First, we download a protein-protein interaction network from the STRING database using `get_string_network()` or directly from the package.

```{r get-string-network, message=FALSE}
# Fetch STRING network (can be replaced with a custom network)
# g <- get_string_network(organism = "9606", score_threshold = 900)

# Load a pre-existing network from a file
g <- readRDS(system.file("extdata", "string_example_network.rds", package = "XYomics")) # You can also download the hormonal network "hormonal_network_metacore.rds" instead of "string_example_network.rds".
```

### 2. Constructing the PCSF Network

Next, we define "prizes" for our genes based on their statistical significance (e.g., -log10 of the p-value) and use the `construct_ppi_pcsf` function to build a context-specific network.

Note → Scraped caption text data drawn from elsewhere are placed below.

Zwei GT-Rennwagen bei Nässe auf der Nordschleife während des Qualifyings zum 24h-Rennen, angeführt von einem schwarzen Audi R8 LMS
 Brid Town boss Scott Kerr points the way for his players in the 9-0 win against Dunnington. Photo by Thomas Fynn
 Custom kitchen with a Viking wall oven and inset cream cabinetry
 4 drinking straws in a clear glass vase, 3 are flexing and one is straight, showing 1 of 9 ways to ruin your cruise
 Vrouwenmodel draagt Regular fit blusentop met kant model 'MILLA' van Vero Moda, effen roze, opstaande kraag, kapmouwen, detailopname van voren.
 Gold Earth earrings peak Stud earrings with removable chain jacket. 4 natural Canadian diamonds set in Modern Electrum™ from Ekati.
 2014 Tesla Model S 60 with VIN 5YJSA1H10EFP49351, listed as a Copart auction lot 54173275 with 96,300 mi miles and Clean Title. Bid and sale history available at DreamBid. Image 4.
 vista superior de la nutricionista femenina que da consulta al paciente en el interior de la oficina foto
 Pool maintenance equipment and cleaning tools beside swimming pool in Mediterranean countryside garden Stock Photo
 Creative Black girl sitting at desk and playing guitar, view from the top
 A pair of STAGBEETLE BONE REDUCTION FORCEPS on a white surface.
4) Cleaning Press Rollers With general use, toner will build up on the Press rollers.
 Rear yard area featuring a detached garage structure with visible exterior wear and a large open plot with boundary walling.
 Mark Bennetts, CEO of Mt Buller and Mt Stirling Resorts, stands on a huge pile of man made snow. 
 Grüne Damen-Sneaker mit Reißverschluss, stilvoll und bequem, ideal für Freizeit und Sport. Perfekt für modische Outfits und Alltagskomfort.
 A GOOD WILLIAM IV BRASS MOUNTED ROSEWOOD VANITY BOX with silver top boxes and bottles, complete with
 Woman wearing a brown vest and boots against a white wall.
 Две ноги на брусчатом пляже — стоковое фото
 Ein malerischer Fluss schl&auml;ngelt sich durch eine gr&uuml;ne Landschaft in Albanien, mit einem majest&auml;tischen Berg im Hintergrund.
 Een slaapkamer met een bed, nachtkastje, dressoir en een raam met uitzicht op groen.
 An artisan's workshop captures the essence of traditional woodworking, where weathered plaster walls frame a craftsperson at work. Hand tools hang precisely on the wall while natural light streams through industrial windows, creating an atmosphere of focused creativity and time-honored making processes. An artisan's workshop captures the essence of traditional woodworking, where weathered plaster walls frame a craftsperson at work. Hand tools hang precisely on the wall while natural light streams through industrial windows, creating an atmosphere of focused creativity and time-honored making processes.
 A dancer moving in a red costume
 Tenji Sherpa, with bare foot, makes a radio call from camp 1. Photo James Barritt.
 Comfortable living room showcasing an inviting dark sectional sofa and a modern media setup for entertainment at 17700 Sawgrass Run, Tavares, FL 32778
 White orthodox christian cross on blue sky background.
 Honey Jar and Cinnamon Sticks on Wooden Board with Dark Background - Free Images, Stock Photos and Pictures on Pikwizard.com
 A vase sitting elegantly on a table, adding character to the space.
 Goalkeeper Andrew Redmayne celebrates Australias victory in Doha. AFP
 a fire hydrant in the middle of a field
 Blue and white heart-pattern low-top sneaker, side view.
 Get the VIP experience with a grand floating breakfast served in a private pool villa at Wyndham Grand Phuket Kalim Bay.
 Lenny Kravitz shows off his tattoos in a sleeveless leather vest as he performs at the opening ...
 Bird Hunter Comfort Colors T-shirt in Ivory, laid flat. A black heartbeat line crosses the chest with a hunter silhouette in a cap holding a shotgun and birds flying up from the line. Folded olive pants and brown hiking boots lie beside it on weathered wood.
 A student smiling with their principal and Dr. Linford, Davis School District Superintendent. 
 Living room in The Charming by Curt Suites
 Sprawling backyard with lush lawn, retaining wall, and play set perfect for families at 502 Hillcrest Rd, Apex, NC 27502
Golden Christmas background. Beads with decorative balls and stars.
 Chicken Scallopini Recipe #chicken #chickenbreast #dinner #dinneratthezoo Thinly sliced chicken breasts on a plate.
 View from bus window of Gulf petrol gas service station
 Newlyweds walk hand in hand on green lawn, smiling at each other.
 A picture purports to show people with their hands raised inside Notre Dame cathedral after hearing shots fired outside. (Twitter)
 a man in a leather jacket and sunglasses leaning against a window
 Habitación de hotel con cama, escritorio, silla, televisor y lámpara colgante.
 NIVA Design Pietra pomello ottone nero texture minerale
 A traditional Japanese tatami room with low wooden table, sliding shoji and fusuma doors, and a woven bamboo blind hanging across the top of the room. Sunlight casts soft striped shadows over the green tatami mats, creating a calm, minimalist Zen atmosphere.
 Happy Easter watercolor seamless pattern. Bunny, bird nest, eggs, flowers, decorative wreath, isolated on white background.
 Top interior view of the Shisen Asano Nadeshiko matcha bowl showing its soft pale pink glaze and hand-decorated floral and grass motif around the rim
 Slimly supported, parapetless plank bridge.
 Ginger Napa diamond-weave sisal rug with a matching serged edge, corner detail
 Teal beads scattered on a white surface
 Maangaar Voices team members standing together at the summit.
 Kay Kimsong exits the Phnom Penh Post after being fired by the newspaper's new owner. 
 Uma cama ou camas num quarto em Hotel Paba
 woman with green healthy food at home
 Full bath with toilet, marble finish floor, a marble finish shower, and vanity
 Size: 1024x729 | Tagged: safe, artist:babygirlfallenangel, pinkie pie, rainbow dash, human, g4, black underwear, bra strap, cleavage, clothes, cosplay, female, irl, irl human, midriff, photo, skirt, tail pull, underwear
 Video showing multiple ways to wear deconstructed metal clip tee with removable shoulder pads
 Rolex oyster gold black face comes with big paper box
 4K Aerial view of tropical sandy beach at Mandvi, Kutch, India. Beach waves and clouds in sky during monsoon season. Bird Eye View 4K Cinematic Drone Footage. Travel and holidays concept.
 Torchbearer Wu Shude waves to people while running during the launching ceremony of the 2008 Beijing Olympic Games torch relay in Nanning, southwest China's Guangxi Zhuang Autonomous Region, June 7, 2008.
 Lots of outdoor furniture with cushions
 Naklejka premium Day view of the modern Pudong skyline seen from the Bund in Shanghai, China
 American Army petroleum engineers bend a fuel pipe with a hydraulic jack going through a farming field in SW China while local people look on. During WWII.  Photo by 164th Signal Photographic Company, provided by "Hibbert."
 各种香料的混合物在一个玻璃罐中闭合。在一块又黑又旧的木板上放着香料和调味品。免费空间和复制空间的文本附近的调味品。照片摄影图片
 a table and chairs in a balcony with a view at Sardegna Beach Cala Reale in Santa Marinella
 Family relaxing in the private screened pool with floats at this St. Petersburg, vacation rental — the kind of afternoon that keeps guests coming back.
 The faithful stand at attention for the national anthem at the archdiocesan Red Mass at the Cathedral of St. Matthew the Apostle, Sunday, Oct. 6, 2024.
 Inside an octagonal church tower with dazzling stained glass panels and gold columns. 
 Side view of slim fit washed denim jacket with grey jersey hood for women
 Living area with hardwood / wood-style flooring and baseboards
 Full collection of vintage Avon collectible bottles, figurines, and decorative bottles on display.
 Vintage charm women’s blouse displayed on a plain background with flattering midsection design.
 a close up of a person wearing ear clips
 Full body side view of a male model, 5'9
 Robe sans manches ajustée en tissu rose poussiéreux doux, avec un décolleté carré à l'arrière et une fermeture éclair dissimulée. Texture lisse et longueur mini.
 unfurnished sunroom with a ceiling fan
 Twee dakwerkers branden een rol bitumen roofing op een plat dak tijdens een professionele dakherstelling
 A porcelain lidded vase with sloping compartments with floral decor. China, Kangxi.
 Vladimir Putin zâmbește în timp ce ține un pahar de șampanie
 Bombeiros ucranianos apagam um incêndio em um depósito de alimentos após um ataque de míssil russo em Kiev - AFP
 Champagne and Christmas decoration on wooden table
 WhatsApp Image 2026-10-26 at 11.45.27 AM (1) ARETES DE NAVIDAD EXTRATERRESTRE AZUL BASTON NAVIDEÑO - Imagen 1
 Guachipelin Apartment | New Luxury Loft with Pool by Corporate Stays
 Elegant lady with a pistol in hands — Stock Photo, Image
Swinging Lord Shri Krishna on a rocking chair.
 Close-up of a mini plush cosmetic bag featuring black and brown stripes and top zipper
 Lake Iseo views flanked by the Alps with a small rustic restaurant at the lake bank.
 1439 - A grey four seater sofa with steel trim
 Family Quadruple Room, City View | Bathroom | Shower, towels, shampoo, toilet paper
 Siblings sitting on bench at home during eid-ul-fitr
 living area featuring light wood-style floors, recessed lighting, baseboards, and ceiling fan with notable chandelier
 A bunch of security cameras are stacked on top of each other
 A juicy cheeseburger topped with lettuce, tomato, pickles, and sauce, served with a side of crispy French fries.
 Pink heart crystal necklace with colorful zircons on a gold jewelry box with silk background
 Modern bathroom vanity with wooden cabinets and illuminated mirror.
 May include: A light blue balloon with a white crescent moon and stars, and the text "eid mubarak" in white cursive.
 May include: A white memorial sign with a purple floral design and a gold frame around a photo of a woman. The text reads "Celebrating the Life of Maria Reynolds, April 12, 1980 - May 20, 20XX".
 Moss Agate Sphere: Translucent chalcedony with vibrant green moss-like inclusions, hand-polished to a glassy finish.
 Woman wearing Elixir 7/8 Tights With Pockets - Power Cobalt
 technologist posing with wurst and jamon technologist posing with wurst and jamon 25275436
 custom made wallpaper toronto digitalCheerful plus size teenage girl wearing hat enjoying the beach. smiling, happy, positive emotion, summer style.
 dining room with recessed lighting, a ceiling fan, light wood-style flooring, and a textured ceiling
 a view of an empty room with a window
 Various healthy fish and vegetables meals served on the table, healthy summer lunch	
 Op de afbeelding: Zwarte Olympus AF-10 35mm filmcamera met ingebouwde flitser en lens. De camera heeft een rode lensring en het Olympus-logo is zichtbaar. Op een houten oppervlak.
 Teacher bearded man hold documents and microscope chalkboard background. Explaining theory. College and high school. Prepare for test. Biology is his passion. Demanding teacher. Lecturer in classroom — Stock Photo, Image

```{r construct-pcsf-network, eval=FALSE}
# Use dimorphic DE results to define prizes
dimorphic_specific <- res_cat[res_cat$DEG_Type == "sex-dimorphic", ]
dimorphic_prizes <- -log10((dimorphic_specific$Male_FDR + dimorphic_specific$Female_FDR) / 2)
names(dimorphic_prizes) <-dimorphic_specific$Gene_Symbols

# Construct the PCSF subnetwork

dimorphic_network <- construct_ppi_pcsf(g = g, prizes = dimorphic_prizes)
network <- ppi_pipeline(res_cat, g)
```

```{r load-network-results}
network <- readRDS(
  system.file("extdata", "bulk_network_results.rds", package = "XYomics")
)

neutral_network <- readRDS(
  system.file("extdata", "bulk_neutral_network.rds", package = "XYomics")
)

neutral_specific <- res_cat[res_cat$DEG_Type == "sex-neutral", ]
```

### 3. Visualizing the Network

Finally, we use the `plot_network()` function to visualize the network, highlighting nodes based on their degree (i.e., significance). Each node also includes a barplot showing logFC values, blue for males and pink for females.

```{r visualize-network}


plot_network(neutral_network, "sex-neutral", neutral_specific, show_barplot = T)


#Generate plots for all categories

all_plots <- plot_network_pipeline(network, res_cat)

```

### Generating a Report
The `generate_cat_report` function can be used to compile all results into a single HTML report.

```{r report, eval=FALSE}
# This command generates a comprehensive HTML report 

template_path = system.file("extdata", "Template_report_bulk.Rmd", package = "XYomics") # fetch the template for bulk from the package

generate_cat_report(res_cat, pathway_results, network, template_path = template_path)


```

# Conclusion

This vignette has demonstrated two key approaches for analyzing sex-specific effects in bulk RNA-seq data. While sex-stratified analysis is a common first step, **interaction analysis provides a more statistically robust method** for identifying genes whose regulation by disease is truly dependent on sex. We recommend using an interaction-based approach when possible, while being mindful of the need for adequate sample sizes.